TASK TO COMPLETE> Write out exactly the lines running from the one with "Last Chance To" to the last line of the entries, keeping both the first and the last.

AVAILABLE DATA>
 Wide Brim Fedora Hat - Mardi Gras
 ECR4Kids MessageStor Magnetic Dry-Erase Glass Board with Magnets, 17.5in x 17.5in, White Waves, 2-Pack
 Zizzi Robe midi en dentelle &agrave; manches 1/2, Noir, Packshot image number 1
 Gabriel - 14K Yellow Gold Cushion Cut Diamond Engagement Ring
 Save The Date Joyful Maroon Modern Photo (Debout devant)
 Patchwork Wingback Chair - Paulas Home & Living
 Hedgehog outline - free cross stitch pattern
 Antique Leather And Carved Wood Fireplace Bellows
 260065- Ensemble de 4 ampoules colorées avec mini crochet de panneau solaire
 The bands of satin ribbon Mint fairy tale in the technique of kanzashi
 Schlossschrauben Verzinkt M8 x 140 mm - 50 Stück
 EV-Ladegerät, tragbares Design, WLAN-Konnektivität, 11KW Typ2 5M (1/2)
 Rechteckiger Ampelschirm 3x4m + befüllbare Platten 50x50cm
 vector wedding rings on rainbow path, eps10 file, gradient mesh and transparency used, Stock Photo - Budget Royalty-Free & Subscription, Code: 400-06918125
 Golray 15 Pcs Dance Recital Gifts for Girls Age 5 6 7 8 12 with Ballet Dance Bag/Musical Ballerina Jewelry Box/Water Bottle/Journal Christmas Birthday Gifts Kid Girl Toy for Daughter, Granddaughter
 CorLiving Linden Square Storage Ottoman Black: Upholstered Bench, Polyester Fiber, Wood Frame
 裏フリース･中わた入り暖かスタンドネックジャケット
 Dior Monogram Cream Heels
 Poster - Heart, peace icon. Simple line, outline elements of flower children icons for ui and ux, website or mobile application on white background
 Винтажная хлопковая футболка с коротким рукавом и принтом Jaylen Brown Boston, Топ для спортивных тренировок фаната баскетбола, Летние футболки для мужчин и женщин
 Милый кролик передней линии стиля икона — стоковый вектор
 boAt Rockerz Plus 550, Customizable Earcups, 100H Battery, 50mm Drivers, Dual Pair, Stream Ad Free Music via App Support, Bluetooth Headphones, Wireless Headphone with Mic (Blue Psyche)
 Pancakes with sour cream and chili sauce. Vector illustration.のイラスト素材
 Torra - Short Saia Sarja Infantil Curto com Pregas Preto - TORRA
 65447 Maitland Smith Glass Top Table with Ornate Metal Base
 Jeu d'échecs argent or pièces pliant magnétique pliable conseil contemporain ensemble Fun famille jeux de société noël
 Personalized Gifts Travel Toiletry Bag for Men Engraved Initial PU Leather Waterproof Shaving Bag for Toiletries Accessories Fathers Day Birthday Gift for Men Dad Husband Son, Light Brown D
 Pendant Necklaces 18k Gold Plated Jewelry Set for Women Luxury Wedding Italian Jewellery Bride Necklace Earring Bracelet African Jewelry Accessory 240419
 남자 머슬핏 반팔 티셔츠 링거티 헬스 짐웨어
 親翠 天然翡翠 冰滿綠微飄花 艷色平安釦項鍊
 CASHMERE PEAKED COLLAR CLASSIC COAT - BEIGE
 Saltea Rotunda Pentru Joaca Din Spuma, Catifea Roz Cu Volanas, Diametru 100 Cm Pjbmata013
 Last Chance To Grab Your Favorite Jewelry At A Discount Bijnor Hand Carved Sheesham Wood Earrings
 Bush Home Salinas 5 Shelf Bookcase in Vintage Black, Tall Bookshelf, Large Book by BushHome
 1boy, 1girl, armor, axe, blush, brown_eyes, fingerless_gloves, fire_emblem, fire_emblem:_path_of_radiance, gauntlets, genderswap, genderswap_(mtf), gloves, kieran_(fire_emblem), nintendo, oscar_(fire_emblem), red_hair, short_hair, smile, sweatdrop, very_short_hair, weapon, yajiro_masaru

RESPONSE TO THE TASK>
 Last Chance To Grab Your Favorite Jewelry At A Discount Bijnor Hand Carved Sheesham Wood Earrings
 Bush Home Salinas 5 Shelf Bookcase in Vintage Black, Tall Bookshelf, Large Book by BushHome
 1boy, 1girl, armor, axe, blush, brown_eyes, fingerless_gloves, fire_emblem, fire_emblem:_path_of_radiance, gauntlets, genderswap, genderswap_(mtf), gloves, kieran_(fire_emblem), nintendo, oscar_(fire_emblem), red_hair, short_hair, smile, sweatdrop, very_short_hair, weapon, yajiro_masaru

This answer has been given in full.